> **AIM OF THE EXERCISE**
Without the pictures, repeat the listing character for character.

> **GIVEN INFORMATION**
↓
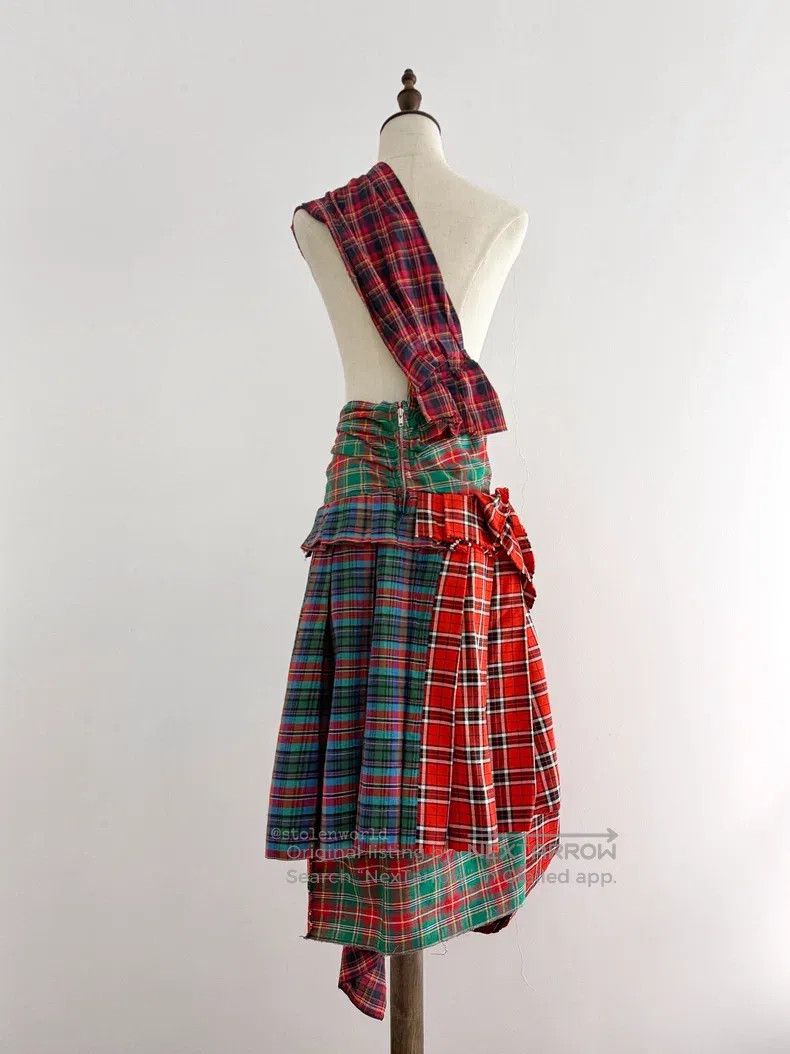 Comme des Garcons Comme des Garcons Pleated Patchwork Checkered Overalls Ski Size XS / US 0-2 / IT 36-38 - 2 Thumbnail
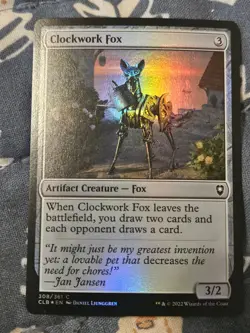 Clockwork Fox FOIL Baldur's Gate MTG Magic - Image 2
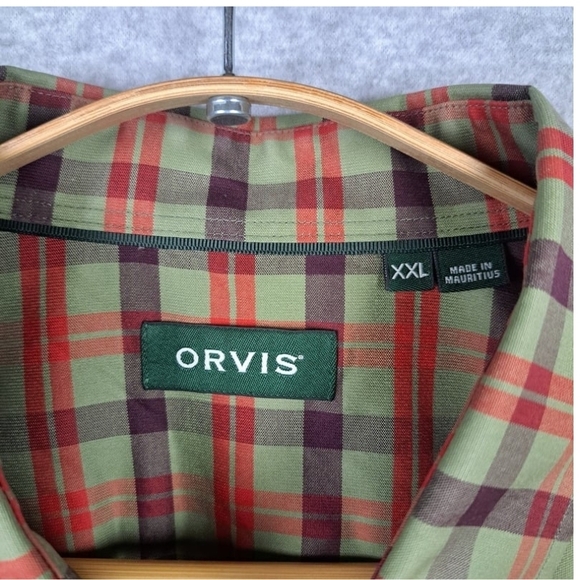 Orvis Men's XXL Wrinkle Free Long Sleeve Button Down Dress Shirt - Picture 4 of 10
↑
> **SOLUTION TO THE PROBLEM**
 Comme des Garcons Comme des Garcons Pleated Patchwork Checkered Overalls Ski Size XS / US 0-2 / IT 36-38 - 2 Thumbnail
 Clockwork Fox FOIL Baldur's Gate MTG Magic - Image 2
 Orvis Men's XXL Wrinkle Free Long Sleeve Button Down Dress Shirt - Picture 4 of 10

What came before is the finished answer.